Banks and commercial finance companies are the two most common sources of borrowed funds for the small business. Let’s put the process in a perspective that is familiar to the business person.
The business owner is constantly buying products and works with a number of different suppliers on a daily basis. When it comes to money and banking however, it is often an infrequent and possibly intimidating experience. Let’s consider the money we need to borrow the same as any other product that we buy and let’s look at our bank the same as we do our other suppliers.
If money is a product like any of our other supplies, we should be sure that we have enough to meet our needs, but not so much that our “inventory” carrying costs will be high. We should insure that we use it efficiently because the excess use of any supply item or raw material will increase costs and decrease profitability. As with all purchased products, we should shop before we buy. There is a competitive market for most all of the products and services we use in our businesses and that includes the money we need to borrow.
If money can be viewed as a supplied product, then our banker can be looked at by the same standards as our other important suppliers. When you evaluate your other suppliers, price is not the only criterion for comparison. Service, delivery, quality and the ability to accommodate the special needs of your business are factors that you consider. These same standards should be used when you are choosing and comparing banks.
Now that you are ready to look for a business loan, where should you start? What should you be looking for and what can you expect to find?
The best place to start is with a financial institution where you have established relationships. Good business relationships are a most important of doing business. Business relationships aren’t really between business but rather between the people that own and manage the businesses. So if you currently have a business bank, start there. If you are just staring a business, begin with the bank that you use for your personal banking. If your current bank isn’t equipped for the type of business loan you need, they will be able to give you a personal introduction to one that can.
At the Monterey County Bank, they view their relationships with their customers as partnerships. They recommend that you make sure that your banker understands your business. If your banker is not trying to learn your business, you might have the wrong bank. Both you and your banker should be working together to insure that the bank knows and understands your business.
Three frequently used borrowing arrangements are lines of credit, term loans and working capital loans for accounts receivable and inventory. With a line of credit, a bank is extending a commitment to loan up to a specific amount under certain prearranged terms. The borrower draws on the funds as needed and pays interest only on the outstanding balance. The borrower is sometimes required to pay an initial commitment fee based on the entire amount of the loan .
Term loans are business loans with a fixed maturity, usually not more than seven years. Term loans are used for a variety of purposes from equipment financing to business expansion. They generally have a variable interest rate and are often secured by the assets acquired.

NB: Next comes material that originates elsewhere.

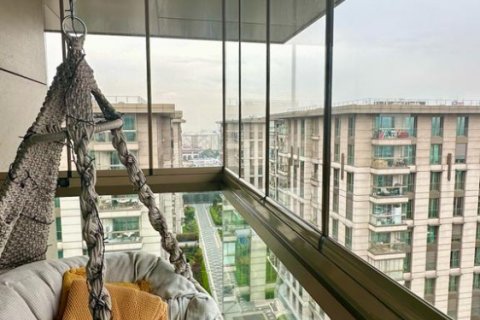 4 bedrooms Apartment in Istanbul, Turkey No. 16239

The financing of accounts receivable and inventory are probably the most common reasons for business owners to borrow. Once this was primarily an area for the commercial finance companies, but now it is an active area for all full service banks as well. Typically an agreement will be structured that will allow the borrower to assign the assets to the financial institution as security for loans that can generally range up to eighty percent of the value of the receivables and to fifty percent of the value of inventory. This can most often be accomplished without any involvement or notification to the customers that actually owe the money.
When looking for a business loan, your most most important decision is choosing your “supplier”. Anticipate your need to borrow as you would the need for any product. Begin with those that you know and shop wisely. Look to establishing the type of long term relationship you would have with any of your important suppliers. A good supplier of debt financing will help you choose the right product. Because “It’s Your Business”, the right product will let you benefit from the increased financial leverage.